We achieve high velocity through a reusable and modular design across all levels: chiplets, chassis, racks, and network infrastructure. We architect our accelerators as systems of chiplets — discrete, reusable building blocks for compute, I/O, and networking. Because each chiplet can be upgraded separately, we can implement improvements in months rather than years. Moreover, different chiplets can be manufactured at different process nodes that are most cost-effective while meeting performance and power requirements.

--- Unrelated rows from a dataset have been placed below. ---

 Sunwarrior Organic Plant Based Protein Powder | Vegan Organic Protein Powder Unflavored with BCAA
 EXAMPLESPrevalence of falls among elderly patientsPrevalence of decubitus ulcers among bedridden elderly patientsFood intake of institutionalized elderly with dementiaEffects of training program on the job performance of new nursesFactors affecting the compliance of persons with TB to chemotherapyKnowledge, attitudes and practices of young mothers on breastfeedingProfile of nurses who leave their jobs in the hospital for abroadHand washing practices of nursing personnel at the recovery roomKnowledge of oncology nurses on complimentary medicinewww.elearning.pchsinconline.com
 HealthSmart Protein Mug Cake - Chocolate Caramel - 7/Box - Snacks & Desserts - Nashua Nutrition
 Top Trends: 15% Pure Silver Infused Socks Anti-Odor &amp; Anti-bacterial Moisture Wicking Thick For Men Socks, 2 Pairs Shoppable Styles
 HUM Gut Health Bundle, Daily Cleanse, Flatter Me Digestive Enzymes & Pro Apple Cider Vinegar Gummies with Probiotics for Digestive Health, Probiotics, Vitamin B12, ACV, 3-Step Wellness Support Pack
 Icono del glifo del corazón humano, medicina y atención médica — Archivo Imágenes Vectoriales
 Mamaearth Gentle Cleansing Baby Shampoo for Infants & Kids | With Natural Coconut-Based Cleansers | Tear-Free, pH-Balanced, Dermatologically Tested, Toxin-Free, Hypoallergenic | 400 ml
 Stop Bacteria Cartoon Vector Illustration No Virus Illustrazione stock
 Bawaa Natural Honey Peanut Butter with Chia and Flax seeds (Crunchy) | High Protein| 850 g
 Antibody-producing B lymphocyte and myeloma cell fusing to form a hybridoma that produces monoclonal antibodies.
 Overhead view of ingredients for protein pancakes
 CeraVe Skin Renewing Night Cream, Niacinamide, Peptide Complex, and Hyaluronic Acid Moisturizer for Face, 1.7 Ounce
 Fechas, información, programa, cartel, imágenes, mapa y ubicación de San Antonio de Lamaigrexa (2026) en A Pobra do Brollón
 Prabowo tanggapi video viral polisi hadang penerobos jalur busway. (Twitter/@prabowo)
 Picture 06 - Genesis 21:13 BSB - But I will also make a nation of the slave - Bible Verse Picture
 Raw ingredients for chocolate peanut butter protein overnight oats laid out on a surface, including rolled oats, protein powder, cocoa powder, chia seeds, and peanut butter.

At the system level, MTIA 400, 450, and 500 all utilize the same chassis, rack, and network infrastructure. Therefore, each new chip generation can be dropped into the same physical footprint, accelerating the transition from silicon to production deployment. Our modular, reusable designs also minimize the resources needed to develop and deploy multiple chip generations, and the benefits of these highly optimized chips can offset the resources used for development and deployment.

Inference First

Mainstream GPUs are typically built for the most demanding workload — large-scale GenAI pre-training — and then applied, often less cost-effectively, to other workloads such as GenAI inference. We take a different approach: MTIA 450 and 500 are optimized first for GenAI inference, and can then be used to support other workloads as needed, including R&R training and inference, as well as GenAI training. This keeps MTIA well-tuned to the anticipated growth in GenAI inference demand.

Frictionless Adoption

MTIA is built natively on industry‑standard software and hardware ecosystems — PyTorch, vLLM, Triton, and the Open Compute Project (OCP) — from the outset rather than treating adoption and compatibility as an afterthought. Since PyTorch originated at Meta and has become the most widely used ML framework, MTIA naturally takes a PyTorch-native approach. Together, PyTorch, vLLM, and Triton provide developers with a familiar software stack, enable reuse of assets from the open source community, and simplify model migration. Beyond industry-standard software, MTIA’s system and rack solutions align with OCP standards, enabling MTIA to be seamlessly deployed in data centers.

The MTIA Software Stack: A PyTorch-Native Approach

Across all chip generations, the MTIA software stack delivers a consistent programming experience. It takes a PyTorch-native approach, giving developers a familiar and complete ecosystem.

The MTIA software stack

Key attributes of the software stack include:

Seamless model onboarding: MTIA supports both eager and graph modes. In graph mode, it integrates directly with PyTorch 2.0’s compilation pipeline. Developers use familiar tools — torch.compile and torch.export — to capture and optimize model graphs. No MTIA-specific rewrites are required to enable models. This portability enables our production models to be deployed simultaneously on both GPUs and MTIA.

Compilers: Beneath the PyTorch frontend, MTIA-specific compilers translate high-level graph representations into highly optimized device code. The graph compiler is built on Torch FX IR and TorchInductor. The kernel compiler and lower-level backends are based on Triton, MLIR, and LLVM, enhanced and optimized for MTIA. We improved and tailored TorchInductor’s Triton code generations and kernel fusion for MTIA, and introduced MTIA-aware MLIR dialects and Triton DSL extensions. These extensions can be used optionally for performance-critical kernels. The compiler stack has autotuning capabilities that automatically optimize workloads using multiple compilation strategies.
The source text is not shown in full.